The caves of Sacromonte date back to the ninth century, when they were inhabited by the African slaves who constructed the Alhambra Palace. When Catholic monarchs conquered Granada in the 15th century, Muslims, Jews, and Roma fled to the mountains to escape persecution.

Many Roma continue to inhabit the caves, some claiming to be seventh-generation cave dwellers; it is said that the flamenco dance was born in these caves. It was a traditional Roma wedding dance that was banned during the Inquisition.

One of Sacramonte’s heavily adorned caves is the site of nightly flamenco performances. Royal blue chairs line the walls, and brass pots and pans hang from the ceiling, giving warmth to stone surroundings. A painting of a flamenco dancer stretches from ceiling to floor, a dominating centerpiece that stands like a patron saint to gipsano culture and tradition.

Chilean photographer Tamara Merino spent two weeks photographing residents of Sacromonte and neighboring Guadix in May 2018. She captured a tradition that is very much alive—decorated bedrooms, photo-lined walls, and children roaming the hills. “We all inhabit the world in different ways,” she said. She added that she was drawn to the rich culture and traditions that the cave dwellers (or, as she put it, trogloditas) have preserved.

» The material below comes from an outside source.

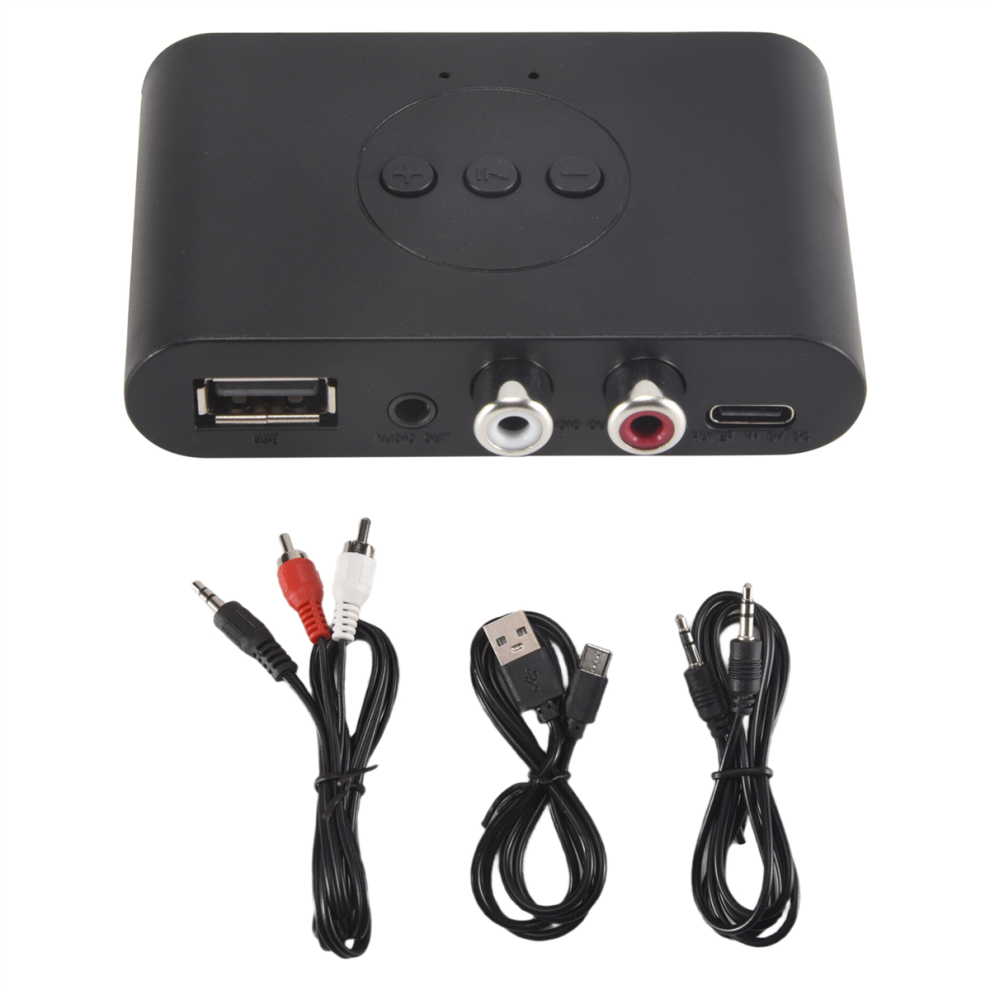 Photos - FM Transmitter Bluetooth 5.3 Audio Receiver NFC USB U Disk 3.5mm For Car Speaker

The caves also reflect Europe’s changing demographics. The San Miguel section of Sacromonte is home to a small community of Senegalese immigrants; many have lived there for over a decade. Merino said many newcomers are drawn to the caves as a way to save money.

It’s a precarious living situation for both newcomers and those whose families have lived in the caves for centuries. The city council has called the residents squatters and has threatened residents with eviction.

In 2014 a demolition crew destroyed the entrances to several caves that the city said were illegally inhabited. But, Merino said, days later, residents gathered on Sacromonte’s highest paths, casting a shadow over the Alhambra as they cleared the rubble, determined to make a permanent home of the caves as others did before them.